She says, “When we started working on the design, I had a lot of trouble seeing how this space that you were creating was really going to be a representation of me. I had a hard time seeing myself in it. Because I wasn’t there yet. I knew where I wanted to be, but I hadn’t yet become that person.”
What she did know then, was that she wanted a place for community, a gathering place for women (and a few men who are open to it) to be indulged and pampered with holistic, organic products and forward-thinking healing modalities like Gua Sha and infrared sauna treatments; as well as access to an on-call nutritionist — truly a whole-istic healing spa.
Rebecca soon experienced that the transformation of her workspace enhanced more than just her clients’ healing.
Once Bloom opened and Rebecca spent days, and then weeks, in the light-hearted, nurturing, and beautiful space, she started noticing a shift in her overall mood.
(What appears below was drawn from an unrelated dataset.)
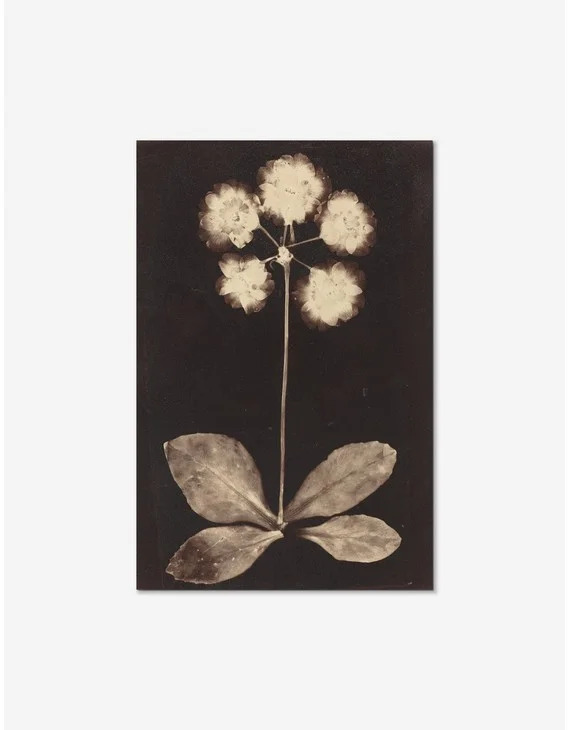 Botanical Photogram Print - Unframed / Unframed / 9" x 14"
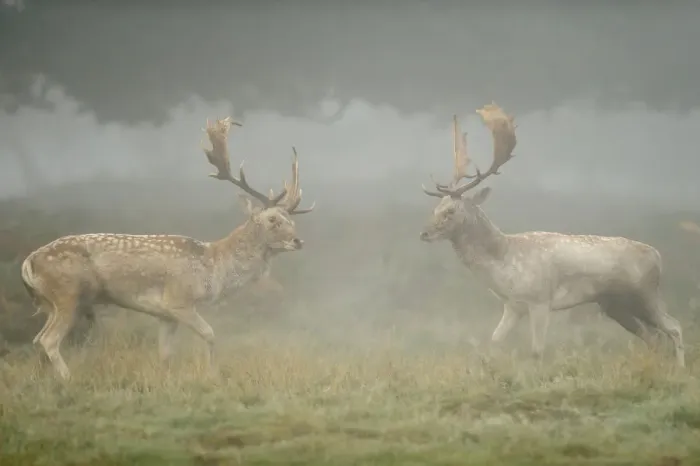 Framed Print : Two Fallow deer (Dama dama) bucks during fight, rutting season, Richmond Park, London Framed Print : Two Fallow deer (Dama dama) bucks during fight, rutting season, Richmond Park, London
She felt lighter, happier, energized.
And so, she was inspired to uplevel other parts of her life — like moving on from relationships that weren’t serving her. She began to attract new business opportunities, including speaking engagements, and a higher-level clientele that was more open to creating positive change in their own lives, and that booked regular sessions. It was strange, but she couldn’t deny that the new Bloom was asking her to be different. Still her, and yet, an upgraded version of her.
It wasn’t surprising that soon Rebecca’s standards for her home changed, too. In an inspired moment of clarity, she realized her home was filled with furnishings and memorabilia from others — including her mother’s furniture, left behind after a move abroad. She recently spent two days asking every item in her home that famous Marie Kondo question “Do you bring me joy?” and if the answer was “No,” she let it go.
If you’d like to see more of Rebecca’s story as it unfolds, follow her on instagram @bloomspa.care where she is sharing the shifts she is experiencing by changing her environment.
A word of caution… be prepared for your life to improve when you clear clutter and design your home or business for your future self. You just might become a happier person.